----- Supplied material -----
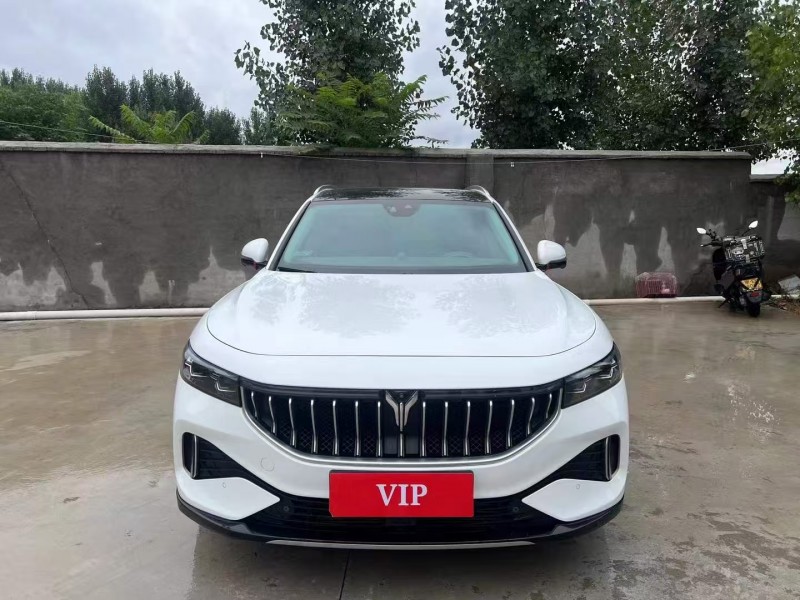 枣庄22年岚图汽车FREE1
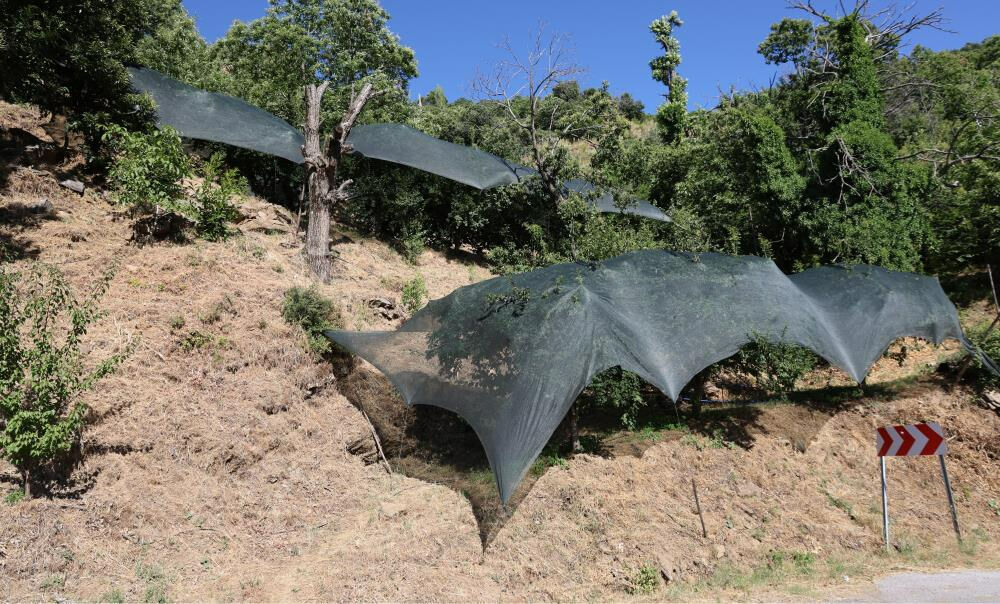 Yarım asrın en kıt yılı! Fiyatlar yüzde 20 arttı: Tek tek toplayıp, gram gram satıyorlar - 3. Resim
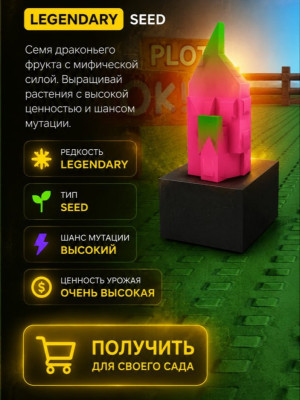 Dragon Fruit seed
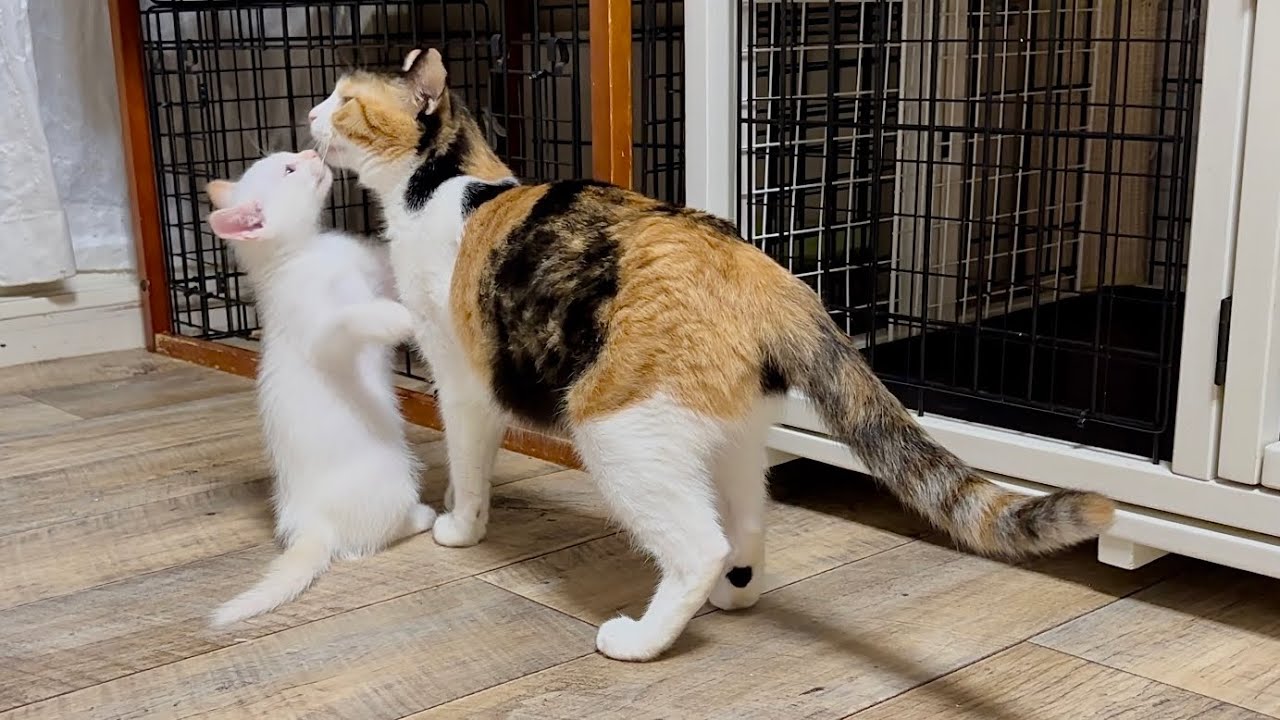 ママ猫と1日半ぶりの再会が嬉しくて仕方ない子猫【ポノfam物語#42】Kitten meeting mama cat for the first time in a day and a half.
-----
Work instruction: Begin at the line containing "Yarım asrın en" and restate exactly every line through the end of the material, skipping the pictures.

Result of this task:
 Yarım asrın en kıt yılı! Fiyatlar yüzde 20 arttı: Tek tek toplayıp, gram gram satıyorlar - 3. Resim
 Dragon Fruit seed
 ママ猫と1日半ぶりの再会が嬉しくて仕方ない子猫【ポノfam物語#42】Kitten meeting mama cat for the first time in a day and a half.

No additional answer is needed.